Across the Middle East, people struggled to reconcile images of celebrating Iraqis with widely held suspicions about the United States' motives.

"We discovered that all that the (Iraqi) information minister was saying was all lies," said Ali Hassan, a government employee in Cairo, Egypt.

"Now no one believes Al-Jazeera anymore," he said, referring to the Arabic-language television news channel.

The entire front page of the pan-Arab newspaper Asharq al-Awsat was devoted to a photograph of the pulling down Saddam's statue in Baghdad.
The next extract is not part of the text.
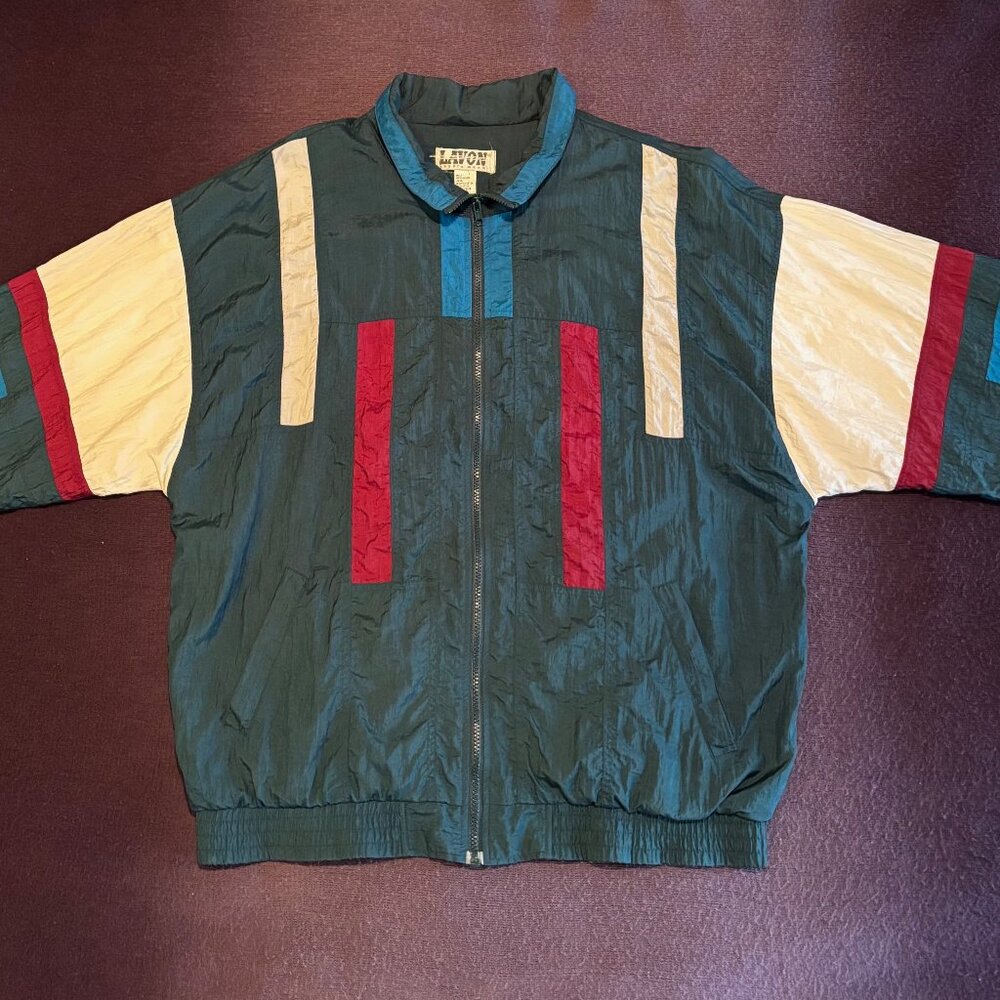 Lavon Vintage Windbreaker Jacket | Green Colorblock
Above it, the headline: "And Saddam's regime fell -- Shock in Arab capitals, joy in Baghdad, destruction of statues and the looting of official buildings."

Many Arabs -- even those who saw Saddam as an oppressive dictator -- had viewed the war as the struggle of an Arab underdog against foreign invaders interested in Iraqi oil. Most Egyptians, for instance, do not believe that Saddam had terrorist connections or weapons of mass destruction.

So the quick fall of Baghdad and Iraqi jubilation came as a shock. Many people resorted to conspiracy theories to explain the rapid collapse.

"There must have been treason," said Ahmed Salem Batmira, an Omani political analyst.

People across the Arab world clustered around TV sets in shop windows, coffee shops and homes to see the pictures of U.S. troops driving from one side of an Arab capital to the other, almost without resistance.

The Palestinian militant groups Hamas and Islamic Jihad decried Saddam's fall, while ordinary Palestinians expressed shock.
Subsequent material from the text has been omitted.